**What the task asks**
Set down, exactly and only, everything from the line containing "Epson Watercolour Radiant" down to the line containing "Grób Stanisław Juszkiewicz" in the data below; the pictures are not part of the copy.

**Provided material**

○ ○ ○ ○

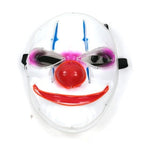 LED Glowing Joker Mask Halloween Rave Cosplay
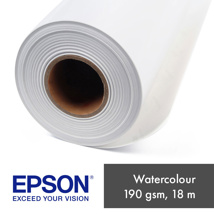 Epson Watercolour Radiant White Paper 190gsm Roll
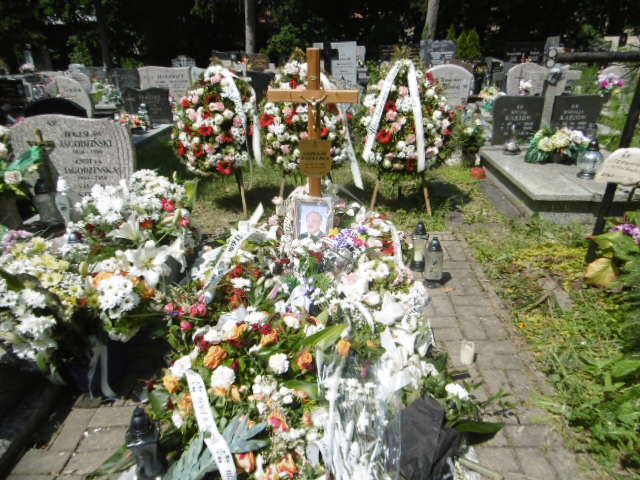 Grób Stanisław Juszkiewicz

○ ○ ○ ○

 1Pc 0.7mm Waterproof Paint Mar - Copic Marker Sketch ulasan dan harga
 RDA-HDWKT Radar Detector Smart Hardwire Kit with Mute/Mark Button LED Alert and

○ ○ ○ ○

**Exercise result**
 Epson Watercolour Radiant White Paper 190gsm Roll
 Grób Stanisław Juszkiewicz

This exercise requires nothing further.